Título: Crédito mais caro e escasso, o 1º efeito da crise
Autor: Almeida, Cássia
Fonte: O Globo, 30/09/2008, Economia, p. 29

Empréstimos devem ficar mais caros. Crescimento menor terá impacto em emprego. Governo sofrerá menos

Cássia Almeida

Os reflexos do caos nos mercados financeiros do mundo no dia-a-dia dos brasileiros devem aparecer com mais força somente no ano que vem. Efeitos nos preços, no emprego, no salário, no investimento das empresas virão, mas os especialistas são unânimes em afirmar que o crédito será o primeiro a sofrer o baque.

O crédito tanto para as pessoas físicas como para empresas ficará mais escasso e caro. Nessa cadeia, o próximo efeito será nos investimentos das empresas. Com menos dinheiro disponível e com a desaceleração da economia mundial, os ânimos para aumentar a capacidade de produção esfriam. Assim, criam-se menos empregos e o salário vai nessa onda.

CRÉDITO PARA PESSOAS JURÍDICAS: O primeiro sinal da crise vem pelo crédito. E, antes das pessoas físicas, as empresas sofrerão o primeiro impacto. Paulo Levy, do Ipea, lembra que cerca de 18% do dinheiro que é emprestado para as empresas são captados pelos bancos no exterior. O enxugamento do crédito começará por aí, diante do medo de emprestar que tomou conta do mercado financeiro mundial.

CRÉDITO PARA PESSOAS FÍSICAS: O crédito interno está crescendo menos, em conseqüência da alta desde abril da taxa básica de juros, a Selic, hoje em 13,75%. No início do ano, crescia 25%, agora esse avanço está em 19%. Os bancos devem encarecer as linhas para o consumidor e tornar os empréstimos mais difíceis.
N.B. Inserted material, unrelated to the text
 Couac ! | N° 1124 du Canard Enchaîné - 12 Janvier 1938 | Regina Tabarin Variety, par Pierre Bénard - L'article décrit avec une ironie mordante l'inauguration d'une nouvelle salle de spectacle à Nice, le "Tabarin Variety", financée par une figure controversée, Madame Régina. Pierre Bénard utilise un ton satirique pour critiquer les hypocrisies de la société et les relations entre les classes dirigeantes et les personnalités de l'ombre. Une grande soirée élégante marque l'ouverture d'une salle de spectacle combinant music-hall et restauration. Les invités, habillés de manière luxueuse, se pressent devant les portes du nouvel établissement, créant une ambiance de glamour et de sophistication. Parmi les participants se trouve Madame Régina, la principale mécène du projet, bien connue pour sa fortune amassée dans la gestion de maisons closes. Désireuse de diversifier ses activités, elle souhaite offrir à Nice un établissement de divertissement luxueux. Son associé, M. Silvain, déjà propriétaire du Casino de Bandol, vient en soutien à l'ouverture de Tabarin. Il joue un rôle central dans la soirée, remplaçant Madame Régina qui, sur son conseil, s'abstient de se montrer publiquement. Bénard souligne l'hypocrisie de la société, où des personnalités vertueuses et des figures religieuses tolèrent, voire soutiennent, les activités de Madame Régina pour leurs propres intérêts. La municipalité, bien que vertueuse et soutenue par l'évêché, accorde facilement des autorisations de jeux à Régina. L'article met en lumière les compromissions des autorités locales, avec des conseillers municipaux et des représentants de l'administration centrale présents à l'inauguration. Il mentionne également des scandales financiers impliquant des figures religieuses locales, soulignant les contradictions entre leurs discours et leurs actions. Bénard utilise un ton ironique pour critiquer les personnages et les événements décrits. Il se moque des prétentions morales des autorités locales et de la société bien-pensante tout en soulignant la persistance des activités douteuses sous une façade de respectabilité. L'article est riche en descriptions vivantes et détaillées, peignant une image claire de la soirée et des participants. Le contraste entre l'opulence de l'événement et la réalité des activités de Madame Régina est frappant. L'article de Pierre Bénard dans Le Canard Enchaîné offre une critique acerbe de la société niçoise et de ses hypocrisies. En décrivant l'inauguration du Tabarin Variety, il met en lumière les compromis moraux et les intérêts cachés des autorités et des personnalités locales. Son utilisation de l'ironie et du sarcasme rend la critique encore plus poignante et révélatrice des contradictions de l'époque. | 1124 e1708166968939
PIB ABAIXO DE 4%: Com o mundo crescendo menos, a economia brasileira sentirá. O avanço de 6% do Produto Interno Bruto (PIB, conjunto de bens e serviços produzidos) no primeiro semestre não vai se repetir. Mas, entre os analistas, esse efeito surgirá somente no ano que vem. Para 2008, o crescimento acima de 5% está garantido. Para 2009, analistas estão revendo suas projeções de 3,5% em média para 3% diante do agravamento da crise.

INVESTIMENTO: O principal impulso do PIB no primeiro semestre será o mais afetado pela crise. Sem o crédito externo, as empresas serão obrigadas a abrir mão de bens para manter as operações, o que antes era garantido pelo empréstimos. Ativos, como dólares e ações, que seriam para ampliar fábricas e comprar máquinas ficarão mais escassos. Além disso, o mercado financeiro, que tem sido o instrumento para aumentar o capital das empresas e financiar o investimento, está inviável. Sem contar o ânimo dos empresários. Com o país e o mundo crescendo menos, por que investir mais?

EMPREGO E SALÁRIO: Quanto mais as empresas investem, mais empregos criam. Assim, o mercado de trabalho que tem se mostrado forte, com desemprego em baixa e salário em alta, deve encolher, mas só em 2009. Com menos oferta de vagas, haverá mais trabalhadores desempregados e o salário tende a crescer menos.

DÚVIDA NA INFLAÇÃO: O avanço do dólar tende a ter reflexos rápidos nos preços dos produtos brasileiros. Outros acontecimentos, porém, jogam para baixo os preços. As cotações de produtos agrícolas e minerais tendem a cair com o mundo crescendo menos e, assim, os preços no Brasil caem também. Os juros em alta são outro fator a limitar a inflação. Segundo especialistas, ainda não dá para saber qual efeito terá mais força.

CONTAS PÚBLICAS: Para o governo, a situação tende até a melhorar. Como o dólar disparou e o Brasil é credor nessa moeda, tanto nas reservas internacionais como nas operações cambiais, o efeito será até benéfico. Já o déficit nas contas externas ficará mais difícil de ser financiado com os investimentos estrangeiros diretos, que têm bancado o buraco no balanço de comércio de bens e serviços do Brasil com o resto do mundo.